[Data to process Boundary: Start]

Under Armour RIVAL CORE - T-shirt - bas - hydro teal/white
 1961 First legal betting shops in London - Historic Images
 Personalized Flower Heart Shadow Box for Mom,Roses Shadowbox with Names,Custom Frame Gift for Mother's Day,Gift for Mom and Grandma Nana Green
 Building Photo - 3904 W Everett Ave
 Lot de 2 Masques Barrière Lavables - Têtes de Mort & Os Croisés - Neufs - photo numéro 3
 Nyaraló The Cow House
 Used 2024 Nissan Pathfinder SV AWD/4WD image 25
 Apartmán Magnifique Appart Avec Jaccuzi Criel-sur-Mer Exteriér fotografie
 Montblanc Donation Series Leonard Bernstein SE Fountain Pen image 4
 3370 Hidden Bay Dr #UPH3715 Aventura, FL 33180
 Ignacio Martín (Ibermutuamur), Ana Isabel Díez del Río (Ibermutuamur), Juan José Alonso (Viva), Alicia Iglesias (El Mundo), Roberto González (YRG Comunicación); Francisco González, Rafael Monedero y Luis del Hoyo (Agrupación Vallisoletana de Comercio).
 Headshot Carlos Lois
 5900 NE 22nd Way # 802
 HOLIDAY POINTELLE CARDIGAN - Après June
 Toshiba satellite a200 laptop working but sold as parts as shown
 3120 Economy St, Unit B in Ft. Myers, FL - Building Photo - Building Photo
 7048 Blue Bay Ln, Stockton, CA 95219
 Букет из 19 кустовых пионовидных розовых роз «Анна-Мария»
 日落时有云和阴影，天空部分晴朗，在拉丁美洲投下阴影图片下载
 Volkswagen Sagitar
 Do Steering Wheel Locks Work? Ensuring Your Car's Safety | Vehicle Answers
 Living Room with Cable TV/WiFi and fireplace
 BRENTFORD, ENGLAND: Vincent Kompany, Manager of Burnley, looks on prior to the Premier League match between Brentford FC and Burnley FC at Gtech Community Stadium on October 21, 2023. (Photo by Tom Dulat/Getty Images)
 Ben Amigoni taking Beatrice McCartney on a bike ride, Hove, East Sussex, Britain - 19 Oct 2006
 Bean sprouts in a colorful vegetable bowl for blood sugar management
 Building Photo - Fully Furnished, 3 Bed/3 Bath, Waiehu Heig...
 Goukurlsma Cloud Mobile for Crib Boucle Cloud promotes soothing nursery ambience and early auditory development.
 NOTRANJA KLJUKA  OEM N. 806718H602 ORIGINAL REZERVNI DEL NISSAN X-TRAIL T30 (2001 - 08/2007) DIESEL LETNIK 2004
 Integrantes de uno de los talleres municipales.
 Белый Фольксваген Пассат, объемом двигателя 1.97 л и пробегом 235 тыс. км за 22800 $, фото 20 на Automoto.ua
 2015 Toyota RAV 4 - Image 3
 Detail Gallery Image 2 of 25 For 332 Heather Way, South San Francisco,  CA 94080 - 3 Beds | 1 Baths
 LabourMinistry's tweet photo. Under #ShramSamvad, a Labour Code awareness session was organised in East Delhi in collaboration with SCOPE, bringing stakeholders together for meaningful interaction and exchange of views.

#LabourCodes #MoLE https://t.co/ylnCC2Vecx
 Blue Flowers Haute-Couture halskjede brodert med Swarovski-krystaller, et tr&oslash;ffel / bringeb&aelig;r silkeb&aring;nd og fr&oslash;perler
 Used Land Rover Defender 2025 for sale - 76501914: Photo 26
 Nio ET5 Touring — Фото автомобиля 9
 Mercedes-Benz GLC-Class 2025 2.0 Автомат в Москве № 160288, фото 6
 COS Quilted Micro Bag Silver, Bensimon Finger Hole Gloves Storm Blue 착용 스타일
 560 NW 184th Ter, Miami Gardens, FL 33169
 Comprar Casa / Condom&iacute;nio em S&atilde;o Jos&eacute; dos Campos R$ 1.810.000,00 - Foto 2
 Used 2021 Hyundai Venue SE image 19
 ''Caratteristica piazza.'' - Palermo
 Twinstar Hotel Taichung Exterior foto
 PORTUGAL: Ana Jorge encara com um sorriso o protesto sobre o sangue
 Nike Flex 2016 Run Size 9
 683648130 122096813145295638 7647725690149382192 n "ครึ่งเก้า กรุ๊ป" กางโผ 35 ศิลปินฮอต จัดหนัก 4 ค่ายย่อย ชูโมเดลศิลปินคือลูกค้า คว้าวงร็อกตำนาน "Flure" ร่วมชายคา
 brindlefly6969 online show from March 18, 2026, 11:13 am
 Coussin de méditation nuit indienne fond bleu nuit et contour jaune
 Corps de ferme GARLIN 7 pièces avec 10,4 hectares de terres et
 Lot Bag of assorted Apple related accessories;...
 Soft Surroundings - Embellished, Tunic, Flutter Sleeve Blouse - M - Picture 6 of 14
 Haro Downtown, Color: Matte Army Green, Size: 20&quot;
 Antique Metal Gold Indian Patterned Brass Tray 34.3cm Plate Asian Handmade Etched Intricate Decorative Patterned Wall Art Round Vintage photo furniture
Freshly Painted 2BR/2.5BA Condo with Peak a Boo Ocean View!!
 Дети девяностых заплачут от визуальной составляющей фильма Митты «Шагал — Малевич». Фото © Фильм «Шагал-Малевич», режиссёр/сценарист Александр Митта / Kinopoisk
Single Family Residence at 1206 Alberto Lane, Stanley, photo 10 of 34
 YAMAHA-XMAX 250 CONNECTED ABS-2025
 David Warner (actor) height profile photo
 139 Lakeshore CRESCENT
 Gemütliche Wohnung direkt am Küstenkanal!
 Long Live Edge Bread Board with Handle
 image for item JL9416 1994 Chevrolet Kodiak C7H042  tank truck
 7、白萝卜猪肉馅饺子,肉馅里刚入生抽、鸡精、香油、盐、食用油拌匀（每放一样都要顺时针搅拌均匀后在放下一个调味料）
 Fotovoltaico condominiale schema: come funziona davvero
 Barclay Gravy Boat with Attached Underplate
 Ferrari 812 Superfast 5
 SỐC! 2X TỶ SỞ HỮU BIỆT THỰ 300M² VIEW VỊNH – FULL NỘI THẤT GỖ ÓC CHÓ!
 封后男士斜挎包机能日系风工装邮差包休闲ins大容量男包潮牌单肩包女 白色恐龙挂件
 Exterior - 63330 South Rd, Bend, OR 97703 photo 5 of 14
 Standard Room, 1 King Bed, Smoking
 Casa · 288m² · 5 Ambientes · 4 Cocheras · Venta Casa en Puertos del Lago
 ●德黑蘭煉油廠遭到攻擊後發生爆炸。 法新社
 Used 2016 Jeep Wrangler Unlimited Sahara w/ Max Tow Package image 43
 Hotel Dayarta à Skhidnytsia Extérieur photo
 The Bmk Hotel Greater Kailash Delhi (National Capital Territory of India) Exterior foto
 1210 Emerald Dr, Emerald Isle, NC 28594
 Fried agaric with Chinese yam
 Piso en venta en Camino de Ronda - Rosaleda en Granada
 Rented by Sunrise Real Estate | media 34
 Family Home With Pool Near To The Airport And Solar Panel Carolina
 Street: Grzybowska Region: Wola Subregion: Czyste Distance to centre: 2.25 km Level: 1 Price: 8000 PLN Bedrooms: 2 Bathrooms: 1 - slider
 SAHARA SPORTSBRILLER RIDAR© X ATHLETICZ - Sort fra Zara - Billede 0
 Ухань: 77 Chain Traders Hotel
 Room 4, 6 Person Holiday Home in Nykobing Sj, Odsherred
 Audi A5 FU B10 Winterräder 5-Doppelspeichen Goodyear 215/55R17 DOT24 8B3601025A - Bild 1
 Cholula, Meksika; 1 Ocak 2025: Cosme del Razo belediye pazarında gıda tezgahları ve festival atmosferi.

[Data to process Boundary: End]

All entries shown above should be printed again exactly.

Output below:
Under Armour RIVAL CORE - T-shirt - bas - hydro teal/white
 1961 First legal betting shops in London - Historic Images
 Personalized Flower Heart Shadow Box for Mom,Roses Shadowbox with Names,Custom Frame Gift for Mother's Day,Gift for Mom and Grandma Nana Green
 Building Photo - 3904 W Everett Ave
 Lot de 2 Masques Barrière Lavables - Têtes de Mort & Os Croisés - Neufs - photo numéro 3
 Nyaraló The Cow House
 Used 2024 Nissan Pathfinder SV AWD/4WD image 25
 Apartmán Magnifique Appart Avec Jaccuzi Criel-sur-Mer Exteriér fotografie
 Montblanc Donation Series Leonard Bernstein SE Fountain Pen image 4
 3370 Hidden Bay Dr #UPH3715 Aventura, FL 33180
 Ignacio Martín (Ibermutuamur), Ana Isabel Díez del Río (Ibermutuamur), Juan José Alonso (Viva), Alicia Iglesias (El Mundo), Roberto González (YRG Comunicación); Francisco González, Rafael Monedero y Luis del Hoyo (Agrupación Vallisoletana de Comercio).
 Headshot Carlos Lois
 5900 NE 22nd Way # 802
 HOLIDAY POINTELLE CARDIGAN - Après June
 Toshiba satellite a200 laptop working but sold as parts as shown
 3120 Economy St, Unit B in Ft. Myers, FL - Building Photo - Building Photo
 7048 Blue Bay Ln, Stockton, CA 95219
 Букет из 19 кустовых пионовидных розовых роз «Анна-Мария»
 日落时有云和阴影，天空部分晴朗，在拉丁美洲投下阴影图片下载
 Volkswagen Sagitar
 Do Steering Wheel Locks Work? Ensuring Your Car's Safety | Vehicle Answers
 Living Room with Cable TV/WiFi and fireplace
 BRENTFORD, ENGLAND: Vincent Kompany, Manager of Burnley, looks on prior to the Premier League match between Brentford FC and Burnley FC at Gtech Community Stadium on October 21, 2023. (Photo by Tom Dulat/Getty Images)
 Ben Amigoni taking Beatrice McCartney on a bike ride, Hove, East Sussex, Britain - 19 Oct 2006
 Bean sprouts in a colorful vegetable bowl for blood sugar management
 Building Photo - Fully Furnished, 3 Bed/3 Bath, Waiehu Heig...
 Goukurlsma Cloud Mobile for Crib Boucle Cloud promotes soothing nursery ambience and early auditory development.
 NOTRANJA KLJUKA  OEM N. 806718H602 ORIGINAL REZERVNI DEL NISSAN X-TRAIL T30 (2001 - 08/2007) DIESEL LETNIK 2004
 Integrantes de uno de los talleres municipales.
 Белый Фольксваген Пассат, объемом двигателя 1.97 л и пробегом 235 тыс. км за 22800 $, фото 20 на Automoto.ua
 2015 Toyota RAV 4 - Image 3
 Detail Gallery Image 2 of 25 For 332 Heather Way, South San Francisco,  CA 94080 - 3 Beds | 1 Baths
 LabourMinistry's tweet photo. Under #ShramSamvad, a Labour Code awareness session was organised in East Delhi in collaboration with SCOPE, bringing stakeholders together for meaningful interaction and exchange of views.

#LabourCodes #MoLE https://t.co/ylnCC2Vecx
 Blue Flowers Haute-Couture halskjede brodert med Swarovski-krystaller, et tr&oslash;ffel / bringeb&aelig;r silkeb&aring;nd og fr&oslash;perler
 Used Land Rover Defender 2025 for sale - 76501914: Photo 26
 Nio ET5 Touring — Фото автомобиля 9
 Mercedes-Benz GLC-Class 2025 2.0 Автомат в Москве № 160288, фото 6
 COS Quilted Micro Bag Silver, Bensimon Finger Hole Gloves Storm Blue 착용 스타일
 560 NW 184th Ter, Miami Gardens, FL 33169
 Comprar Casa / Condom&iacute;nio em S&atilde;o Jos&eacute; dos Campos R$ 1.810.000,00 - Foto 2
 Used 2021 Hyundai Venue SE image 19
 ''Caratteristica piazza.'' - Palermo
 Twinstar Hotel Taichung Exterior foto
 PORTUGAL: Ana Jorge encara com um sorriso o protesto sobre o sangue
 Nike Flex 2016 Run Size 9
 683648130 122096813145295638 7647725690149382192 n "ครึ่งเก้า กรุ๊ป" กางโผ 35 ศิลปินฮอต จัดหนัก 4 ค่ายย่อย ชูโมเดลศิลปินคือลูกค้า คว้าวงร็อกตำนาน "Flure" ร่วมชายคา
 brindlefly6969 online show from March 18, 2026, 11:13 am
 Coussin de méditation nuit indienne fond bleu nuit et contour jaune
 Corps de ferme GARLIN 7 pièces avec 10,4 hectares de terres et
 Lot Bag of assorted Apple related accessories;...
 Soft Surroundings - Embellished, Tunic, Flutter Sleeve Blouse - M - Picture 6 of 14
 Haro Downtown, Color: Matte Army Green, Size: 20&quot;
 Antique Metal Gold Indian Patterned Brass Tray 34.3cm Plate Asian Handmade Etched Intricate Decorative Patterned Wall Art Round Vintage photo furniture
Freshly Painted 2BR/2.5BA Condo with Peak a Boo Ocean View!!
 Дети девяностых заплачут от визуальной составляющей фильма Митты «Шагал — Малевич». Фото © Фильм «Шагал-Малевич», режиссёр/сценарист Александр Митта / Kinopoisk
Single Family Residence at 1206 Alberto Lane, Stanley, photo 10 of 34
 YAMAHA-XMAX 250 CONNECTED ABS-2025
 David Warner (actor) height profile photo
 139 Lakeshore CRESCENT
 Gemütliche Wohnung direkt am Küstenkanal!
 Long Live Edge Bread Board with Handle
 image for item JL9416 1994 Chevrolet Kodiak C7H042  tank truck
 7、白萝卜猪肉馅饺子,肉馅里刚入生抽、鸡精、香油、盐、食用油拌匀（每放一样都要顺时针搅拌均匀后在放下一个调味料）
 Fotovoltaico condominiale schema: come funziona davvero
 Barclay Gravy Boat with Attached Underplate
 Ferrari 812 Superfast 5
 SỐC! 2X TỶ SỞ HỮU BIỆT THỰ 300M² VIEW VỊNH – FULL NỘI THẤT GỖ ÓC CHÓ!
 封后男士斜挎包机能日系风工装邮差包休闲ins大容量男包潮牌单肩包女 白色恐龙挂件
 Exterior - 63330 South Rd, Bend, OR 97703 photo 5 of 14
 Standard Room, 1 King Bed, Smoking
 Casa · 288m² · 5 Ambientes · 4 Cocheras · Venta Casa en Puertos del Lago
 ●德黑蘭煉油廠遭到攻擊後發生爆炸。 法新社
 Used 2016 Jeep Wrangler Unlimited Sahara w/ Max Tow Package image 43
 Hotel Dayarta à Skhidnytsia Extérieur photo
 The Bmk Hotel Greater Kailash Delhi (National Capital Territory of India) Exterior foto
 1210 Emerald Dr, Emerald Isle, NC 28594
 Fried agaric with Chinese yam
 Piso en venta en Camino de Ronda - Rosaleda en Granada
 Rented by Sunrise Real Estate | media 34
 Family Home With Pool Near To The Airport And Solar Panel Carolina
 Street: Grzybowska Region: Wola Subregion: Czyste Distance to centre: 2.25 km Level: 1 Price: 8000 PLN Bedrooms: 2 Bathrooms: 1 - slider
 SAHARA SPORTSBRILLER RIDAR© X ATHLETICZ - Sort fra Zara - Billede 0
 Ухань: 77 Chain Traders Hotel
 Room 4, 6 Person Holiday Home in Nykobing Sj, Odsherred
 Audi A5 FU B10 Winterräder 5-Doppelspeichen Goodyear 215/55R17 DOT24 8B3601025A - Bild 1
 Cholula, Meksika; 1 Ocak 2025: Cosme del Razo belediye pazarında gıda tezgahları ve festival atmosferi.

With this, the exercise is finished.